# Homework Help: Find a power series for the function

1. Feb 23, 2012

### arl146

1. The problem statement, all variables and given/known data
Find a power series representation for the function and determine the radius of convergence.

f(x) = arctan(x/3)

2. Relevant equations
not really any equations ... just intervals

3. The attempt at a solution

here's what i did:

f'(x) = $\frac{1}{1+(x/3)^2}$ = $\frac{1}{1+(x^2/9)}$

arctan(x/3) = $\int\frac{1}{1+(x^2/9)}dx$ = $\int\frac{1}{1-(-x^2/9)}dx$ = ∫ (Ʃ (-1)n* $\frac{x^(2n)}{9}$)dx = ∫ (1/9 - x2/9 + x4/9 - x6/9 + ...)dx

= C + x/9 - x3/27 + x5/45 - x763 + ...

To find C:

make x = 0 so that C = arctan(0) = 0.
so, arctan(x/3) = x/9 - x3/27 + x5/45 - x763 + ...

= Ʃ (-1)n*(x^(2n+1) / (18n+9))
from n=0 to infinity

is this all right ??

2. Feb 23, 2012

### Dick

In your power series it isn't just (x^2)^n. It's (x^2/9)^n.

3. Feb 23, 2012

### arl146

I'm not sure if I know where/what you mean. Can you be a little more specific?

4. Feb 23, 2012

### Dick

1/(1+(x^2/9)) is equal to the sum of (-x^2/9)^n. Not the sum of (-x^2)^n/9.

5. Feb 23, 2012

### arl146

Oh ok. So you mean the 9 has an exponent of n too?

So you get arctan(x/3) = x - x^3/27 + x^5/405 - x^7/5103 + ...

so it would be summation (-1)^n * x^(2n+1) / ?
I don't know about the bottom part I can't figure it out

6. Feb 23, 2012

### Dick

Just keep track of how you are getting the numbers on the bottom. There is another error as well. arctan(x/3) isn't equal to $\int \frac{1}{1+(\frac{x}{3})^2} dx$. To do the integral you do a substitution of u=x/3. There's another factor coming from the du.

7. Feb 23, 2012

### arl146

oh =[

ok so when you have arctan(x/3) = ∫ $\frac{1}{1+(x/3)^2}$dx and then you do the u=x/3 and then 3*du=dx so then you have 3*∫ $\frac{1}{1+u^2}$dx
what do i do next?

8. Feb 23, 2012

### Dick

You don't have arctan(x/3)=$\int \frac{1}{1+(\frac{x}{3})^2} dx$. That's what I'm telling you. You need to fix that before you proceed. Use the u substitution to figure out what the integral actually is. Then use that to write arctan(x/3) correctly as an integral.

Last edited: Feb 23, 2012
9. Feb 23, 2012

### arl146

is the correct integral just the same thing just with just a 3 in front of the integral?

10. Feb 23, 2012

### Dick

If $\int \frac{1}{1+(\frac{x}{3})^2} dx$=3*arctan(x/3), what's arctan(x/3)?

11. Feb 23, 2012

### arl146

there'd be a 1/3 times the integral

12. Feb 23, 2012

### Dick

Yes, the 1/3 is the factor you are missing in your power series.

13. Feb 23, 2012

### arl146

so its this summation (-1)^n * x^(2n+1) / ?
just with a 3 on the bottom? but there has to more to the bottom, i cant figure that out, there doesnt seem to be a pattern that i can catch for the bottom

14. Feb 23, 2012

### Dick

There are going to be three things on the bottom, the 3, a power of 3^2 and something that comes from integrating x^(2n).
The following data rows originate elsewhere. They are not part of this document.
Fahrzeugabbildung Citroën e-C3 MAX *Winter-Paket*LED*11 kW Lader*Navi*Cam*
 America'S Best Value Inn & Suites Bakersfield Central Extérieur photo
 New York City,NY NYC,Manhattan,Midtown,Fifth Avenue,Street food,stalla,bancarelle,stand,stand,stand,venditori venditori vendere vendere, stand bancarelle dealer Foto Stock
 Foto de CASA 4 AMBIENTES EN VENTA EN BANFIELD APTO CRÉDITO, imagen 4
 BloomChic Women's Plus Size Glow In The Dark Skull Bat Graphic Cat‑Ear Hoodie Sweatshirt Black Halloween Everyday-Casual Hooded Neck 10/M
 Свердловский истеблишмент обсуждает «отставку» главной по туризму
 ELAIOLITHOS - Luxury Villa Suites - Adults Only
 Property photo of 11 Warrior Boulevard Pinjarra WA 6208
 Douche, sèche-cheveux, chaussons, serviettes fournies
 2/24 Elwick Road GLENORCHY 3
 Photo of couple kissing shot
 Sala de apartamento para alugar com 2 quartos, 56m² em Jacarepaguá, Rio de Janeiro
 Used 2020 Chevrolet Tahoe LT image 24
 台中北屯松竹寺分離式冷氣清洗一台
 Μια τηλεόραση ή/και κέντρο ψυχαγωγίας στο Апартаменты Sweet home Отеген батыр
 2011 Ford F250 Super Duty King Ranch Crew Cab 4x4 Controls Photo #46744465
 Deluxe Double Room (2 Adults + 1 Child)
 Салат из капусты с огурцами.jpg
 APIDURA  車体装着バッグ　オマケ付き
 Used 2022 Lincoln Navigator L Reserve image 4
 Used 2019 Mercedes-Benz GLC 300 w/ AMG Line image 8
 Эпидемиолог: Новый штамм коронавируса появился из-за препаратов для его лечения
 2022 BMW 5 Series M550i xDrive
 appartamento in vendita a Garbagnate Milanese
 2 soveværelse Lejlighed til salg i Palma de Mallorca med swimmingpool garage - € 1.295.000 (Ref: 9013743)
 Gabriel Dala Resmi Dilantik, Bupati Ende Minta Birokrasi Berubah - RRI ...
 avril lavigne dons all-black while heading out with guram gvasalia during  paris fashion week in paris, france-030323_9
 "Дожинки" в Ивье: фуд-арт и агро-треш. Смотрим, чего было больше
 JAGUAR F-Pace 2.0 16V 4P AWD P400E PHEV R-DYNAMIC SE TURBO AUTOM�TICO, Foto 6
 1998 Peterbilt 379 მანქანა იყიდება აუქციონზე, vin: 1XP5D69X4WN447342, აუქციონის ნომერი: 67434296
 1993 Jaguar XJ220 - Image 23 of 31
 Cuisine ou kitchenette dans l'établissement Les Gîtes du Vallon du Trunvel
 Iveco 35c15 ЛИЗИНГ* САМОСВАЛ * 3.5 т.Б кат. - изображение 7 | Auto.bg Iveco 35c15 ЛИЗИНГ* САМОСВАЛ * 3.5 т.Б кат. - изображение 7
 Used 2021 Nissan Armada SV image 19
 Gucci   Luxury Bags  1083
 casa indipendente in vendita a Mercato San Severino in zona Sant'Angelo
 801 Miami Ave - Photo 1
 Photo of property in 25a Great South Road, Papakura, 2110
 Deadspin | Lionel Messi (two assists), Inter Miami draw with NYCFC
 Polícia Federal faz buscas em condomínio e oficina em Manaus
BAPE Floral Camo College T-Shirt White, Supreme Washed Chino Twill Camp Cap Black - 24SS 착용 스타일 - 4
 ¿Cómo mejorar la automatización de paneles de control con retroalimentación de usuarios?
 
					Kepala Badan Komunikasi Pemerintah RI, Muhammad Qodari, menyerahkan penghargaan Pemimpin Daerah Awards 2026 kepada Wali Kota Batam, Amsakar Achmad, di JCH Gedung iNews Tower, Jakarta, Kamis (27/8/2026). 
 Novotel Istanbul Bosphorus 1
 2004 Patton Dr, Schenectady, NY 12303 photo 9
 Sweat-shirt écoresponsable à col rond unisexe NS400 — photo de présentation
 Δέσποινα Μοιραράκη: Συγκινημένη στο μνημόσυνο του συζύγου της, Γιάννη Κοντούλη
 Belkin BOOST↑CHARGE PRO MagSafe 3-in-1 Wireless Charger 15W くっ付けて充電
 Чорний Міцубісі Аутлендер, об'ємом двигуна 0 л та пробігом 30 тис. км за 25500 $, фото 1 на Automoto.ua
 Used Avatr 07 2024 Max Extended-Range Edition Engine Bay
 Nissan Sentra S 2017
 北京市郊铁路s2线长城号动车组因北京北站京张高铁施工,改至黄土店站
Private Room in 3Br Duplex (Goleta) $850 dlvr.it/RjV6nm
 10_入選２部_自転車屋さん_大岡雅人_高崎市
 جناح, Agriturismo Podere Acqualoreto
This is really not that hard.

15. Feb 23, 2012

### arl146

So there should be the 3, 2n+1, and I don't get the other part

16. Feb 24, 2012

### Dick

I was thinking of the 9^n. What do you get? Compare with the series you gave in post 5 after you add the extra 1/3.

Last edited: Feb 24, 2012
17. Feb 24, 2012

### arl146

Wait, are the numbers on the bottom still right? Or does the 1/3 affect that?

18. Feb 24, 2012

### Dick

No, they are not right yet. You have to multiply by 1/3.

19. Feb 26, 2012

### arl146

ok so just

arctan(x/3) = x/3 - x^3/81 + x^5/1215 - x^7/15309 + ...

so like we said, there is a 3, 2n+1, and you said something about something that is related to the 9^n is on the bottom too?

20. Feb 26, 2012

### Dick

I really think you can work this out by yourself if you starting thinking about it.